Burnham explains that he wants the hospital to become responsible for those patients it sees on a regular episodic basis by coming out of their 'four walls' and treating such patients in their own home via a multidisciplinary team. 
“We are today still running basically a hospital treatment model, the hospitals as the default setting for care, and it cannot carry on. It is not financially viable in the long run because hospitals are the most expensive end of the system, but it is not good for people either.”
He says that a consolidated budget at local level including both children and adult social care money will result in “something truly radical”.
“[We] can to start to build a Year of Care budget, not for everybody, but for vulnerable people with ongoing needs.
“So for people – either children with complex needs, adults with disabilities or frail elderly – there’s a Year of Care budget, or tariff you could call it.
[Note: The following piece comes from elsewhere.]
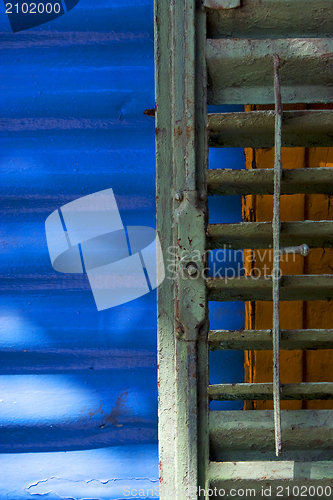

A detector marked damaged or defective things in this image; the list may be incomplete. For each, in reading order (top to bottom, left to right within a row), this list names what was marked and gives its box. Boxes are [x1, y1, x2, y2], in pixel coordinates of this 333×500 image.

chipped blue paint [0, 0, 244, 496]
So this would be a massive evolution of payment by results, moving away from an episodic model or an activity model which, traps hospitals in a certain way of working, to a system that immediately switches the incentive from treating people in a hospital to supporting people preventatively in their home.” 
The integrated care organisations is the way to manage this, he says.
“[Hospitals] grow out of the four walls and start thinking about home to hospital. That is something that they want, that they are starting to think about anyway.”
Burham also rules out the idea of making a challenge for party leadership.
“We have said as a party that the NHS is our priority going into the election, and I have a pretty big job to do to make a credible plan hang,” he said.
It seems Labour is keen to take the long view and is currently working on a vision covering the NHS from 2015 to 2025 and it is hoped that the detail of its health policy will be set down there. While it seems that CCGs will stay, one thing is certain – change.